Taiwanese Turkey Rice
Turkey dinner was on this past weekend’s Sunday football menu, but since I already had a freezer full of turkey pot pie and soup, I was looking for something different for leftovers.
I thought of turkey enchiladas, turkey manicotti, or turkey tetrazzini, but decided to roam the web for something with Asian flavors and this Serious Eats recipe turned out to be a winner. This time I had cooked the bird breast-side down, so it was especially moist and perfect for shredding. The recipe is based on a popular street food dish in Taiwan and features tender chunks of turkey moistened with a sauce of turkey jus and soy that is fragrant with Sichuan peppercorns and enriched with rendered turkey fat.

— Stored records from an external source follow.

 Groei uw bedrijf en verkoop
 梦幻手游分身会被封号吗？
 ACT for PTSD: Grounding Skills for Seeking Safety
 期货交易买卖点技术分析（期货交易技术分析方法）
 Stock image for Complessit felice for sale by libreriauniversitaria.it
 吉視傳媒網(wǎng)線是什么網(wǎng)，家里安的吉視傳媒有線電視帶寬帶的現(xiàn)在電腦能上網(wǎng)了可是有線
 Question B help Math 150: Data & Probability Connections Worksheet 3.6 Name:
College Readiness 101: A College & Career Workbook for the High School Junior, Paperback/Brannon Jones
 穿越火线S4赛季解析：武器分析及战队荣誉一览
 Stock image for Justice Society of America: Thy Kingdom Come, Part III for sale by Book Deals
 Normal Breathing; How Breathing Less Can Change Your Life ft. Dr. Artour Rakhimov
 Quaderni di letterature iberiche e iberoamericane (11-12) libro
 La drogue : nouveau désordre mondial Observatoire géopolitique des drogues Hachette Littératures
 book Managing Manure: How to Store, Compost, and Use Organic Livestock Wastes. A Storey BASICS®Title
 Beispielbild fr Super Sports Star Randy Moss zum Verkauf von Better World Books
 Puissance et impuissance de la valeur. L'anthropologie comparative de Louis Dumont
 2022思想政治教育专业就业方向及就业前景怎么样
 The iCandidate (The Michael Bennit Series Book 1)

You’ll want to set aside some turkey drippings just to make this, and next time I’ll also save some crispy skin as a garnish.
Ingredients:
2 cups of shredded turkey meat
3 Tbsp to 1/4 cup of reserved turkey fat from drippings
1/2 cup of reserved roasted turkey juices from drippings
1/2 cup water
1 teaspoon sugar
1 teaspoon soy sauce
1 tablespoon Sichuan peppercorns
Combine reserved turkey fat and and juices from the roasted turkey in a medium pot. Add water, sugar, soy sauce, Sichuan peppercorns, and 1/4 teaspoon each of salt and white pepper. Bring mixture to a simmer, stirring until sugar is dissolved. Continue to simmer uncovered until sauce is reduced by half. Strain into a container or bowl. To serve, top rice with shredded turkey meat. and spoon sauce over. Garnish with fried shallots and cilantro or green onion.
Detailed recipe link here: https://www.seriouseats.com/recipes/2013/11/taiwan-eats-turkey-rice-with-or-without-leftovers-recipe.html
I didn’t have cilantro, so garnished with I’itoi’s onions from my garden.